Hello! I hope the weeks have been treating you well. For me, they’ve been lots and lots and lots of work as my wife and I prepare for our trip to Europe (actually, she does most of the preparing while I do most of the working, as it’s apparently still the busy season). Before I continue last week’s thought experiment on confession, I want to say that this is the last time you’ll hear from me for a month or more. I won’t be able to blog while abroad, and when I get back, I’ll be putting a lot of thought into why it is I write this blog, and considering whether or not it’s worth continuing. I know it’s a small thing to consider, but please pray for me on this decision.
Anyway, last week I explored the concept of deathbed confessions, and whether or not they constitute real, true atonement. Once a person is beyond all earthly consequence for their past sins, are they confessing because they’re wracked with guilt, or because they’re ashamed of what they’ve done and truly seeking God’s forgiveness? Or are they simply trying to avoid the eternal consequences of their sin the way they successfully avoided the earthly ones? I don’t know the answer, and it may very well be sometimes the former and sometimes the latter. But where that leads into salvation or damnation, I won’t dare to venture.

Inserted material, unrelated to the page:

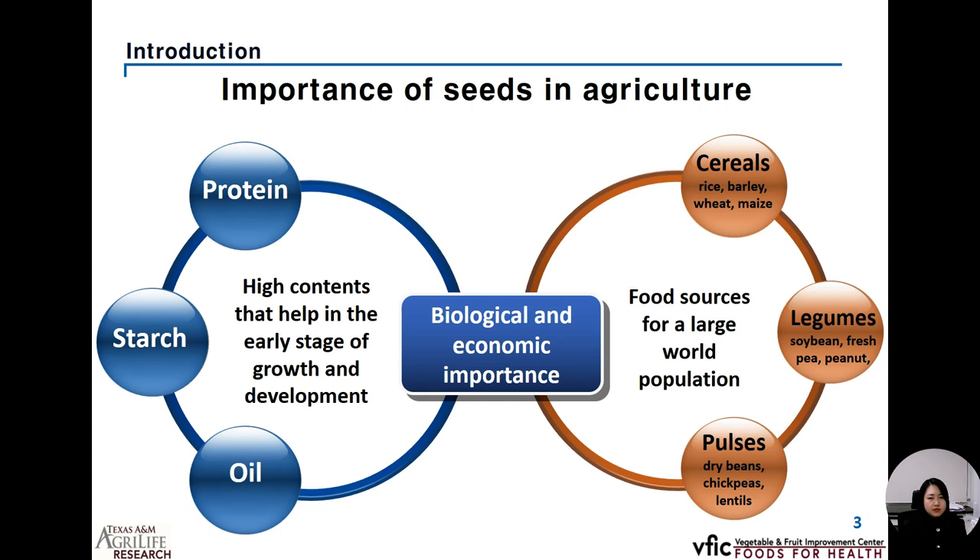I am going to start with the introduction section by highlighting the importance of seeds in agriculture fields, especially in the aspects of biological and economic importance. In the case of biological science, seeds usually contain high protein, starch, and oils, which are helpful for the early stage of growth and development for plants. As an economic aspect, seeds are also considered as a good food source for a large population in the world.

What I arrived at last week was, I believe, a very critical juncture: fear. Too often, it is out of fear of eternal consequence that we repent of our sins, rather than out of a sense of legitimate guilt. So we repent, or we confess Christ because of our overwhelming fear of Hell. But if fear is the overriding factor – if that is, in fact, the driving force behind repentance – then it leaves me with certain doubts as to whether or not that is true repentance. Should repentance not be borne instead of a desire to grow closer to God, to be made right with him? By that paradigm, the active agent behind repentance is not fear, but love. We confess our sins to God because of our love of him. In a similar manner, I confess my sins to my wife out of love, out of a desire to not let those sins become a barrier between us.

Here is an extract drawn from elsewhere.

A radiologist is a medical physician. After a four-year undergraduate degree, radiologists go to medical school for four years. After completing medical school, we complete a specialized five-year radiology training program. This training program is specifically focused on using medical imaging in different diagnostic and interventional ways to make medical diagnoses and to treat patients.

Oddly enough, the idea of confessing one’s sins is strongly debated in the Church today. Despite the command in James 5 to “confess [our] sins to one another so that [we] may be healed,” many Christians reject the idea of confession. And why is this? Because it’s a powerful symbol in the Catholic faith, and those objecting Protestants don’t want any of those Catholic traditions. But one thing is certain: whether you agree with Catholicism or not, the passage in James 5 is there, and there’s not much nuance to it. If we are practicing followers of Christ, we are to confess our sins to each other.

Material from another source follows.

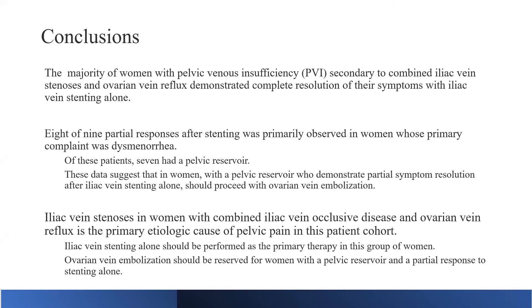Data suggests that in women with a pelvic reservoir who demonstrate only partial symptom resolution after iliac vein stenting alone, we should proceed with ovarian vein embolization. Our recommendation is that iliac vein stenting should be performed as the primary therapy, with embolization reserved for women who have partial response to stenting and have a known pelvic reservoir. For patients who are gravida zero, para zero with significant pelvic pain and a two-millimeter ovarian vein with minimal collaterals, there is nothing to embolize — the main issue is vein compression, and treating that alone typically provides complete symptom relief.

When I was living in Texas, I got into a disagreement with a fellow Christian (an awesome guy with a powerfully deep faith, mind you, so don’t think I’m just putting him down here) over this very idea. His objection to the confession of sins revolved around the idea of laying shame upon the confessing person. “If you confess your sins to a brother in Christ,” he argued. “Then it becomes all about shaming you, and that’s not what the Christian walk is supposed to be like.” I fully agree with him in this perspective. When we confess, we are not to be shamed, nor are we to shame those brothers or sisters who confess to us. That should never be the purpose behind the practice.
But to lay out my view effectively, let me compare it to my opinion on the purpose behind the prison system. Today, there is the overwhelming idea that if you commit crimes, you are to be quarantined, punished and then released when you’ve been punished enough. I have a problem with that. You see, this view of the prison system is just like the shaming that my Texan friend rejected. We imprison the criminal, shame him, then let him go his merry way and dumbly hope that he’s learned his lesson. Contrary to this, I believe the prison system should be a reformative process. We lock up prisoners to keep the regular population safe from them, sure, but the purpose behind it all shouldn’t be to bring the hammer of justice down on them. Instead, the purpose should be to guide them through the process of decriminalization, to radically transform them into non-criminals. A prison shouldn’t be a place of shame and derision; it should be a rehabilitation center.
That’s how I view confession. It’s not to bring us shame, or to provide eternal insurance. Rather, it should be a way of helping each other become better than we are. I used to be in an Accountability Group (which I often sorely miss), and the purpose of confessing our sins to one another was to help each other through our struggles, to offer forgiveness when we failed and provide the helping hand to pull each other up out of the mud of our temptations.
Confession is not a heaping of shame, or a method of punishment. It’s a process of improvement, and if you really want to take it seriously, you need a brother or sister in Christ to help you through it. That’s why God gave us each other.